(Reuters) - Russia’s biggest airline Aeroflot reported a first-quarter net loss of 11.54 billion rubles ($184.49 million) on Wednesday as fuel and staff costs outweighed revenue growth.
In its first ever publication of quarterly results, Aeroflot said the net loss more than doubled from the 5.34 billion rubles reported a year ago.
Aeroflot’s fuel costs surged 24.1 percent due to rising crude oil prices. Staff costs climbed 15.1 percent, contributing to a 14.3 percent increase in operating costs to 123.54 billion rubles.
“An increase in leasing expenses due to significant fleet expansion, as well as our initiatives to improve working conditions and increase salaries for cabin crew, led to a decrease in the overall financial result compared to the same period last year,” Aeroflot’s Deputy CEO for Commerce and Finance Shamil Kurmashov said.
Aeroflot (AFLT) has been buying its fuel at spot prices, after poor hedging in 2015 when it reported a hedging loss of 23.75 billion rubles.
“The unhedged oil (AFLT admits that is too late to hedge this at current levels) is a clear drag and here AFLT fares worse than its peers who customarily hedge 50 percent or more of their oil exposure,” Renaissance Capital analysts said in a note last week.

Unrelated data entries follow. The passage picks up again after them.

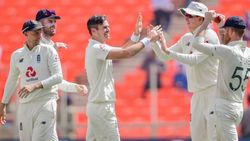 ஐபிஎல்-க்கு உள்ள பெரும் சிக்கல்.. இங்கிலாந்து அணி அதிகாரி சொன்ன தகவல்.. முக்கிய அணிகளுக்கு பின்னடைவு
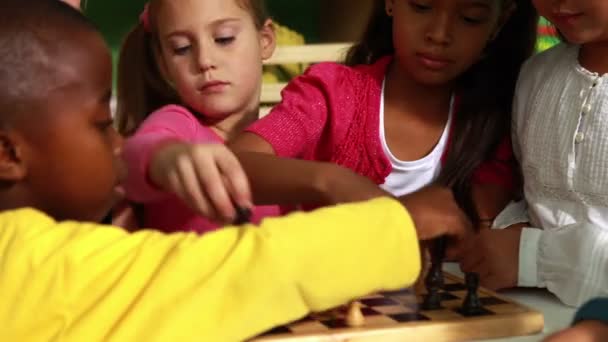 Preschool klasse leren hoe te spelen Schaken — Stockvideo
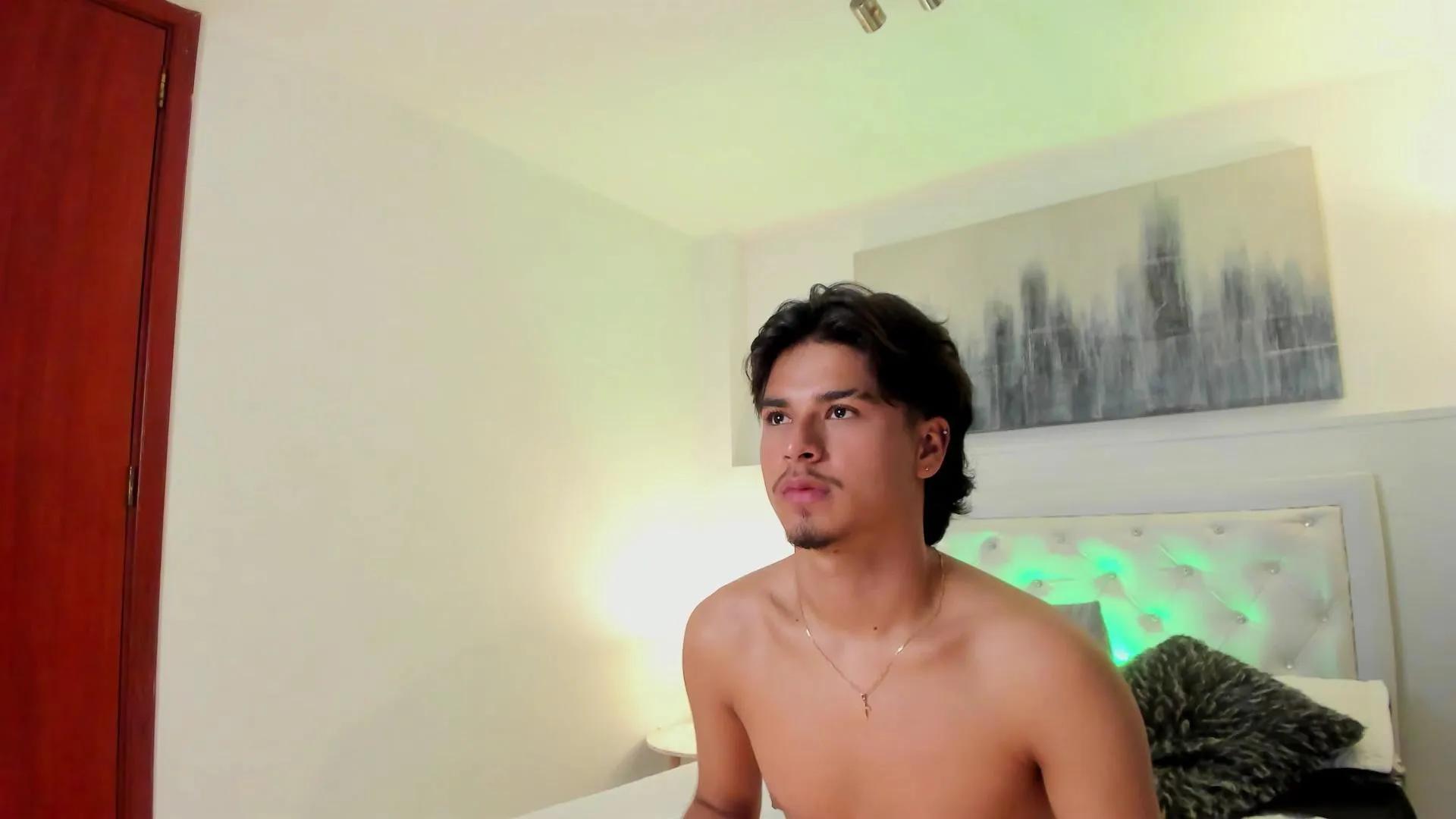 Offline MathewAdamss on Cam4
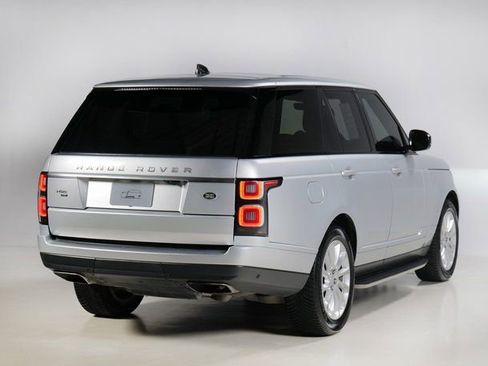 Used 2020 Land Rover Range Rover HSE image 2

Aeroflot’s shares, though, were up 5 percent to 138.40 roubles as of 0906 GMT, after the company recommended on Tuesday a larger than expected dividend for 2017.
They are still well below a high of 225 rubles in mid-2017, having lost 41 percent since.
“Aeroflot’s results were expectedly weak and priced in by the market before the publication and now the primary focus is on the news flow, dividend recommendation, new strategy and the share buyback”, VTB Capital analyst Olga Boltrukevich said.
The 95-year-old carrier said on Tuesday it would set “more ambitious strategic goals”, having achieved its long-term 2025 targets to become a top-20 airline globally and top-5 European airline ahead of schedule.
Aeroflot sees transit passengers between Europe and Asia, as well as its low-cost subsidiary Pobeda, as key growth drivers.